───── DATA FOR THIS EXERCISE

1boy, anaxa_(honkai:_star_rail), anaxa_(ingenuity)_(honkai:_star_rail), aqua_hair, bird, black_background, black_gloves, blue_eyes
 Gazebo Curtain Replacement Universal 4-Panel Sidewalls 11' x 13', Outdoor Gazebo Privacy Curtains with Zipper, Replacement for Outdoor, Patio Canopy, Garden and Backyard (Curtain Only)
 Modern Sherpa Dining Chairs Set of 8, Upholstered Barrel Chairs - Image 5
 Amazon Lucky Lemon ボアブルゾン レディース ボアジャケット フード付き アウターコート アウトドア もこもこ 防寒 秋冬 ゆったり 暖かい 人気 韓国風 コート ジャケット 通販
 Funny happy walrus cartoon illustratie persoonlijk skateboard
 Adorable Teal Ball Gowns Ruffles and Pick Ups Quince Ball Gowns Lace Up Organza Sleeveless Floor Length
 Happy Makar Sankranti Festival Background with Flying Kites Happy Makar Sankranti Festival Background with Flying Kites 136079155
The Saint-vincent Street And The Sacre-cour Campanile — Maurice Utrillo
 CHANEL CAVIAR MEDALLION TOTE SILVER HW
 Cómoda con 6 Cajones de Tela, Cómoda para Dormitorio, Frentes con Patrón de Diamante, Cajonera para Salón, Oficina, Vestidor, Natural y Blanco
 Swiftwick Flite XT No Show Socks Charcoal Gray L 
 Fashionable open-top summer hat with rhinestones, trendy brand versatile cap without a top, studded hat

──────────

* **TASK STATEMENT**: The lines from the one holding "CHANEL CAVIAR MEDALLION TOTE SILVER HW" to the last line of the entries, both included: retype them exactly and give nothing else.

* **OUTPUT BELOW**:
 CHANEL CAVIAR MEDALLION TOTE SILVER HW
 Cómoda con 6 Cajones de Tela, Cómoda para Dormitorio, Frentes con Patrón de Diamante, Cajonera para Salón, Oficina, Vestidor, Natural y Blanco
 Swiftwick Flite XT No Show Socks Charcoal Gray L 
 Fashionable open-top summer hat with rhinestones, trendy brand versatile cap without a top, studded hat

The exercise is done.